Labour Party president Moira Coatsworth has told members at the party's Congress to get 2000 more Labour voters in each electorate if they want to win the election. Photo / Brett Phibbs
Labour Party president Moira Coatsworth has told members at the party's Congress to get 2000 more Labour voters in each electorate if they want to win the election. Photo / Brett Phibbs

Labour Party president Moira Coatsworth has told members at the party's Congress to get 2000 more Labour voters in each electorate if they want to win the election.

The Congress began at the Wellington Town Hall this morning with an address by Ms Coatsworth to 450 people before breaking for the first closed door session on the campaign.

Ms Coatsworth said Labour's polling was rising but it needed to turn out 2000 more votes in each electorate. Local members needed to run "sharp" campaigns to get that vote out.

"There is much to be done. Right now campaigning is our relentless focus. We can win."

She said Labour was determined to win back the Te Tai Tokerau seat in the byelection on June 25. Labour's candidate Kelvin Davis will stand against Mana leader Hone Harawira and a Maori Party candidate and as a sign of the effort Labour will put into the campaign,

Mr Davis, rather than a more senior Maori MP, was given the place of responding for the party during the powhiri which kicked the Congress off.

"We are serious about winning back the Maori seats and we have candidates with great mana and determination to lead our Maori seat campaigns," Ms Coatsworth said.

She said she would lead a review of the party organisation after the election, and sent a warning that Labour needed to find talented new candidates outside its main sectoral interest groups. Developing a long term fundraising programme to fund future campaigns was also a priority, although the party was living within its budget.

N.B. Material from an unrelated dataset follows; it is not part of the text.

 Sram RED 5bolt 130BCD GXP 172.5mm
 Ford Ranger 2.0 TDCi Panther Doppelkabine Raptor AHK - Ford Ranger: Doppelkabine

She also reminded members of the history of the party, saying it had rebuilt New Zealand after the Great Depression and those same valued remained relevant today as inequality grew.

Wellington Central MP and campaign spokesman Grant Robertson opened the Congress with an amusing introduction, noting that the week was marked by two major events, the Budget and the Comedy Festival. He said Finance minister Bill English had prepared a show called Fiddler on the Hoof which he mistakenly delivered in Parliament instead of in the Festival.

He said other Festival skits included Gerry Brownlee's I fought the pie and the pie won, Peter Dunne's Hair Today, Gone Tomorrow and foreign minister Murray McCully's South Pacific "brought to you by the Royal New Zealand Air Force" - a reference to Mr McCully's use of the Air Force to fly to Vanuatu rather than take commercial flights.